Before I started the Master Hand Knitting Certification program, I hadn't really given my knitting tension a lot of thought. I whipped through the first few swatches with confidence. To my surprise, swatch 1, the plain old basic stockinette stitch swatch was sent back for tension issues. I looked at the swatch again, with a critical eye, but still couldn't see it. Then I held it up to the light, and looked at the wrong side, and there it was, plain as day, guttering. That Ah-Ha moment changed the way I look at knitting and helped me so much over the years!
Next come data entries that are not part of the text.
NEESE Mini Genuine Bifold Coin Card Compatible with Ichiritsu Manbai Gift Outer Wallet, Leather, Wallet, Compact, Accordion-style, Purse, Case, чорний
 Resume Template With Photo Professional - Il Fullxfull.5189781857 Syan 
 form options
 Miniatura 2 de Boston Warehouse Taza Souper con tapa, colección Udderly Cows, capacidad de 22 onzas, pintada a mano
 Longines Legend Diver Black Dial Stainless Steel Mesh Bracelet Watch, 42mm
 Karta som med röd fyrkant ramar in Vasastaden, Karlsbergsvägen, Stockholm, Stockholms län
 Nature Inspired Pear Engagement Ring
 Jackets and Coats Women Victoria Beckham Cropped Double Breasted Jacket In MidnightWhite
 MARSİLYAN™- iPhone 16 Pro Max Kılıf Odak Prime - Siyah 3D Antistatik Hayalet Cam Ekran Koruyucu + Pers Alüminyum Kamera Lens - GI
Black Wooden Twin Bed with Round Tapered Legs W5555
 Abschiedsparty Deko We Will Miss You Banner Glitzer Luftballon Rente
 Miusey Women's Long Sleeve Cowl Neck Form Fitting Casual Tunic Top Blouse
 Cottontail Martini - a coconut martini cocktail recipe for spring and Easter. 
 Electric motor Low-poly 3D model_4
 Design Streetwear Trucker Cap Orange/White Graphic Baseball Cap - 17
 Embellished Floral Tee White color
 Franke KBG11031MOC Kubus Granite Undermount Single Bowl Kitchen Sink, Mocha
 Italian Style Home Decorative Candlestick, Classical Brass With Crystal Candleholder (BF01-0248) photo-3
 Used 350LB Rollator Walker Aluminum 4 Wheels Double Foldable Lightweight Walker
Uneven tension affects a garment's final shape, size, and looks sloppy. It is normally caused by knitters purling looser than they knit, so you can see gaps or gutters between every 2 rows on the purl side and elongated knit stitches every 2 rows on the knit side. But the opposite can occur if knitters try to compensate by purling tighter. The goal is to have both worked at the same tension.
Below are examples of bad tension. You can see the guttering between the purl rows on the first swatch and the enlarged knit stitches on the second swatch. These samples are from TKGA's Pinterest Board for their Taming Tension Course. You can see more examples on their Pinterest Board here: www.pinterest.com/tknitga/taming-tension/.
The most foolproof and permanent way to fix this, is to be mindful of your tension and practice knitting a little looser and/or snugging up the purl stitches a little more. It takes practice, but it can be fixed.
Besides putting your mind to it, and re-training your hands, there is another option! This is great to use while you're working on adjusting your tension because it can give instant results.
I have had so much success with achieving more uniform tension in my knitting by knitting with square needles. You knit with them just like you would round needles. Many, many knitters have found that their knitted garments and accessories that are knit with square needles, just look better. If you have perfect tension, you probably won't notice a difference, (but you might enjoy knitting with them anyway).
Knitting with square needles also reduces fatigue on the hands. They're comfortable to hold and knit with. Stitches tend to respond nicely to the square shape and stay put, with less effort on your part. If you drop stitches, square needles might help with that too.
My love affair with square needles began years ago with a set of metal Kollage knitting needles that I found at a trade show. They are only sold in certain yarn shops, so they are difficult to find.
More recently, I had the chance to try Knit Picks Foursquare Needles which come in fixed circulars, interchangeable circulars, and interchangeable short circulars. They are made of beautiful laminated birch, with smooth, flat sides. Each corner is gently rounded which makes them comfortable to hold.
I tend to get sore arms (forearms mostly but also pain at my elbow) from muscle overuse when knitting. With square needles, I find that I don't squeeze the needles quite as tightly so my hands relax a little. The needles help keep the stitches in place instead of my fingers doing all of the work. This allows me to knit longer, with relaxed hands, and less pain.
Besides being gorgeous and fun to knit with, I love the way my knitting looks! I like how even the stitches are, even when I'm tired and not really focused on producing even tension.
If you're thinking about square, interchangeable needles, Foursquare has a "Try It" needle set for only $16.99 (at the time of this writing), which lets you try out the Foursquare wood and nickel plated interchangeable tips in the most common sizes US 6 (4mm) and US 7 (4.5mm).
Addi also produces a square metal needle in their Rocket2 line which can be found in yarn shops and online at retailers like Jimmy Beans.
Try knitting with squares and see what you think!